高いハードルを越えよ(坂井直樹)

 こんにちは、栗東の坂井です。

 先週、ダービーが終わって、今週から2歳新馬戦がスタート。また新たな1年が始まります。1週目の新馬戦といえば昨年の本コラムで触れましたが、今年のダービーにも初日デビュー組から牝馬サトノレイナスが駒を進め、5着と健闘しました。やはり1週目の新馬戦勝ち馬は出世しますね。

 2歳新馬戦が始まるということは、一部の世代限定戦を除き、3歳馬は年長の古馬たちと一緒に走ることになります。障害戦にも3歳馬が混じり始めます。

 3歳の早い時期から障害練習を始めていた馬として私が思い出すのはテイエムトッパズレでしょうか。試験を初めて受けたのは3歳の4月27日ですからこれだけでもかなり早いのですが、当然それ以前から練習は始めていました。私の記憶が確かならば、年が明けて間もない時期には栗東トレセンのタスキコースにある障害を飛ばしていたように思います。

 比較的最近の例では、現役のハルキストンがそうでした。こちらはテイエムトッパズレよりも更に早く、障害試験を受けたのは3歳の4月19日。同馬は平地での初勝利が3月25日で、そこから試験を受けるまで間が1カ月も開いていません。というか、練習を始めたのが勝った翌週か翌々週かというタイミングで、「こないだ勝ったばっかりなのに?」と思いながら飛越練習を眺めていたことを思い出します。

 とはいえ、早くから練習を始めているからといって結果が伴うわけではないのも競馬。前述の2頭は障害試験を2度目の受験で合格。ハルキストンは3歳8月に障害戦初勝利を挙げましたが、これが障害4戦目でしたし、テイエムトッパズレは障害デビュー後はしばらく平地にも使われていて、これも障害戦は4戦目での勝ち上がり。ただ勝ったのは4歳4月と、練習を始めたタイミングからは1年以上を要しました。

 2012年以降の10年では3歳で障害デビューした馬は565頭。ちなみに4歳が860頭、5歳603頭、6歳473頭、7歳245頭、8歳以上119頭となっています。デビュー時期は3歳10月から4歳3月の期間がピーク。ただ3歳馬が障害デビュー戦で勝ち上がった例はこの期間に6例だけ。

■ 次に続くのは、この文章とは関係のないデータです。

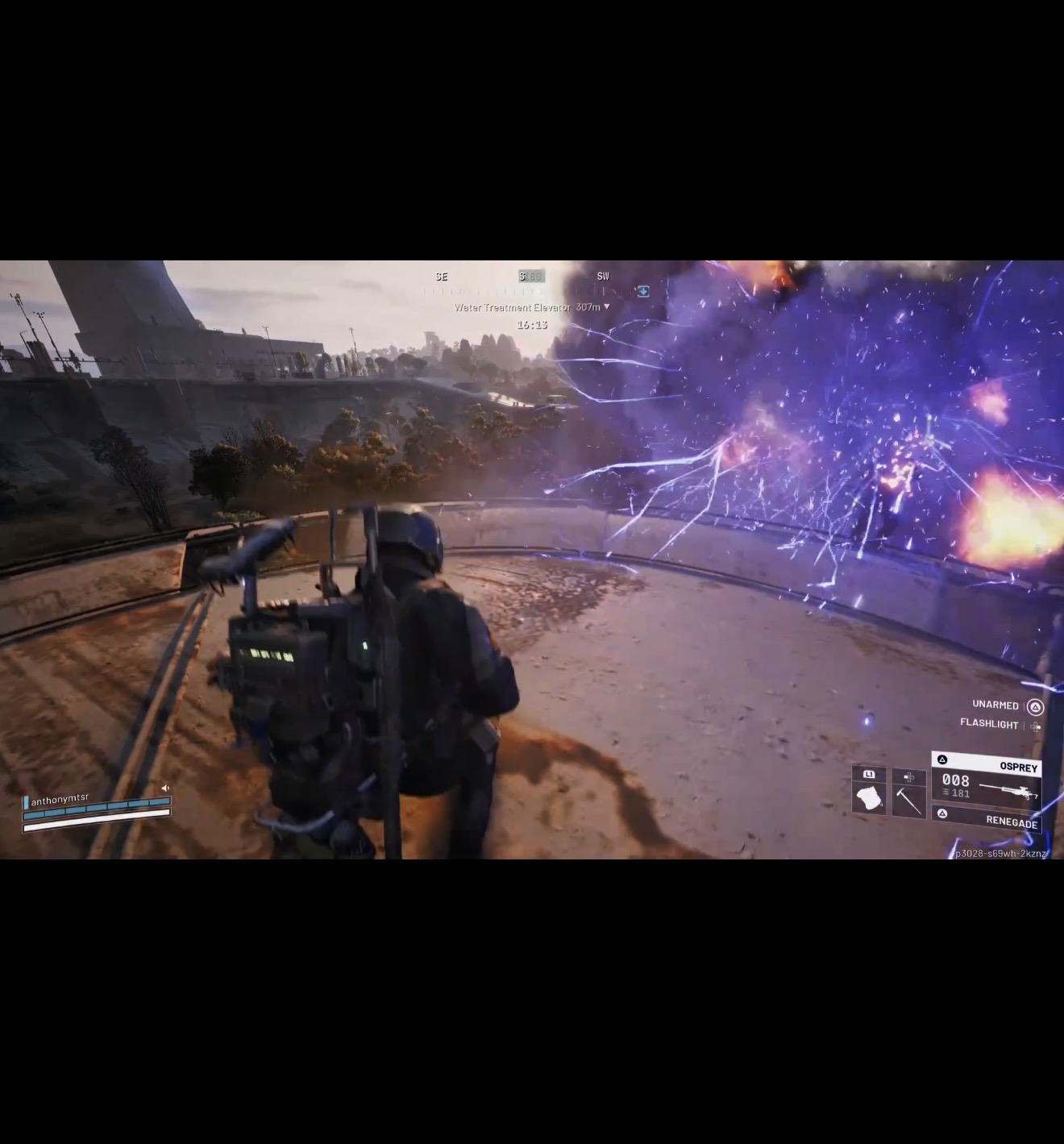WTMCA (Arc Raiders)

勝率にして実に1.1%ですから高いハードルと言えるでしょう。キャリア豊富な年長馬が相手ですから、時間を要すのは仕方ないのかもしれません。それは、最終的に出世した前述2頭が初勝利に4戦を要したところからも窺えます。

 さて、栗東では先週、3歳馬ニホンピロコールが障害試験を受けていました。早い段階で練習を始めていた3歳馬は他にも何頭か目にしてきましたが、今年の栗東で障害試験を受けた3歳馬は同馬が初めて。雨馬場もあって初回はタイムオーバーとなってしまいましたが、まだまだ先は長い。じっくり力をつけて、ゆくゆくは競馬場で活躍してくれることを願っています。

 

栗東編集局 坂井直樹

坂井直樹(調教・編集担当)
昭和56年10月31日生 福岡県出身 O型
2004年入社。入社間もない頃、ルポルタージュという馬がいました。障害飛越の練習で当初は飛ぶのが怖くて仕方ないといった形でまともに踏み切ることすらできませんでしたが、何度も何度も練習を積んで上達。デビューまでこぎつけ、感動したことを覚えています。結果的に障害戦で活躍することはできませんでしたが、平地に戻って2戦目で1000万2着。最近よく見る「障害練習の効果」は昔からあったんですね。